September 15, 2022
As part of the launch of the ‘Route des POTEs’ project, supported by the POTEs network (Pionniers Ordinaires de la Transition Ecologique — Ordinary Pioneers of Ecological Transition) with our home region of Bourgogne-Franche-Comté, and in partnership with the ADEME (the French Environment and Energy Management Agency), we decided to give one of the members of the network free rein.
Hervé Maillot, a long-time supporter of Energy Cities, encourages us to take a step back and take a wider view, extending beyond the current energy situation, which is so full of frenzy, panic, tension and frustration. He also reinvents and tests new ways of organising work in the education sector on a daily basis. He has been involved in local development in a number of ways, from micro-farms to local currency. He is also the co-author of our 30 proposals for the energy transition.
We asked him how he felt about today’s main issue, one which is likely to guide our decisions in the years to come. His response was similar to the new initiative launched by the pioneers from the other side of the Channel with Rob Hopkins, One street at a time. And we are on board!
When thinking, acting and interacting in a public, physical, political and democratic arena, there are two ways of doing things: ‘acting with’ or ‘acting without’. Acting ‘without’ means acting ‘against’, through conflict, acting ‘alone’, through seclusion, or acting ‘for’, through power.
These approaches can lead an area can struggle, to be surrounded with borders, to become an area of exclusion that limits relational and mental freedom, or to be a catchment area, first sought after, then conquered, then controlled.
If you want to ‘act against’, ‘act alone’ or ‘act for’ while working with others, you need to be similar, and you need to think the same way. And it’s not a question of for better or for worse. In all three cases, a great part of the diversity of the population is fought against, excluded or ignored, and many other people, with their energy, imagination and aspirations, are considered negative, inferior or even irrelevant. And a great deal of uniqueness, a whole range of possibilities, and, in short, a whole spectrum of organic life, is undermined and wasted.
So it’s high time we start acting ‘with’… With our next-door neighbours and our local community, as they come and as they are.
But it’s not always that simple. You don’t choose your family and very few people choose their neighbours. And the time we spend on virtual friendships on social media has greatly reduced the time we spend connecting with those around us, with our local community. We also spend less time understanding, especially considering that we are supposed to be a highly civilised society.
Now is the time to take back control. Together, within our immediate physical and social environments.
Regain control of our future. Go back to playing our own individual part, wherever possible, as part of a collective movement.

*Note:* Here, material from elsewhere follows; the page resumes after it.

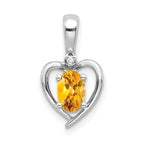 14k White Gold 6x4 Oval November/Citrine and Diamond Heart Pendant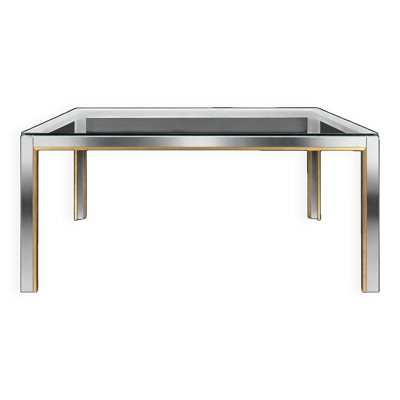 Table de salle à manger de Romeo Rega en chrome et laiton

Seize the reins just like grabbing a tool. Reawaken our passion and respond to the primordial need to design, produce, improve, preserve, enhance and repair; with a sense of joy in our actions and an inspiring economy of resources. We must stop living like the multitude of isolated recluses that the outsourcing mentality and the domination of the customer-supplier relationship have turned us into.
We need to work together, with our neighbours. To renew relationships between people who share the same living spaces, the same neighbourhood, the same daily realities and who, as we so often forget, share the same common fate. To re-establish interdependence as a principle of life and a guarantee of survival. To establish a culture of cooperation and mutual support. Regardless of where we come from or where we are going. Work together with humility.

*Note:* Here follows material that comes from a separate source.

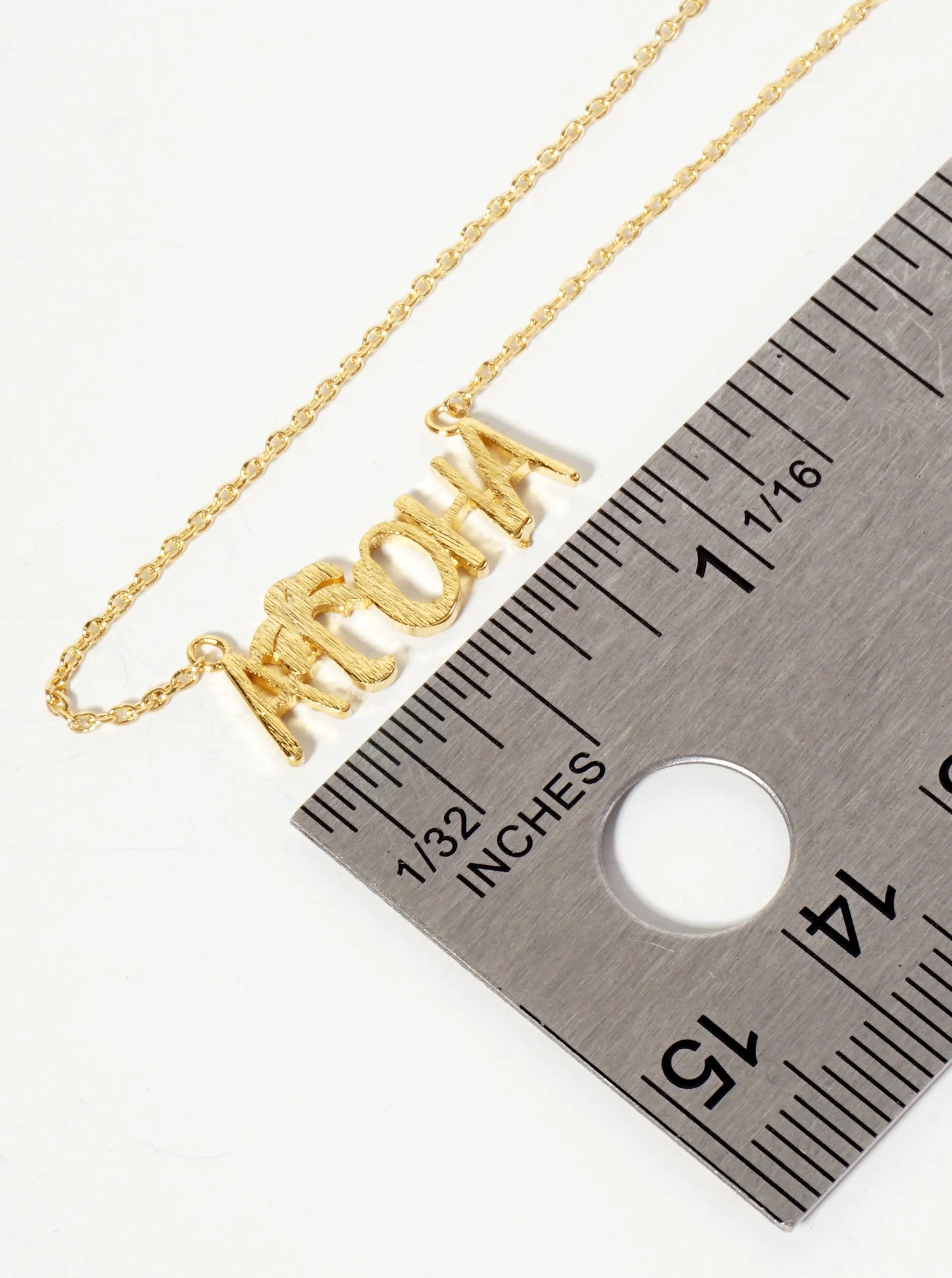 Brushed-Texture Palm-Tree Aloha Pendant 18K-Gold-Dipped Necklace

Local authorities, although often pioneers, cannot achieve the transition alone, with an ‘acting for’ logic. They can and must rely on the immense diversity of their population. They can and must encourage and motivate people to act, give them the necessary tools and support to succeed. Put them in a position to transform homes, neighbourhoods and even entire cities. They can and must involve local residents, economic players and organisations much more closely, and coordinate everything with a shared set of ethics.
We need to act together now, act ‘with’, while there is still time. But is it enough to shift from territorial governance to territorial unity?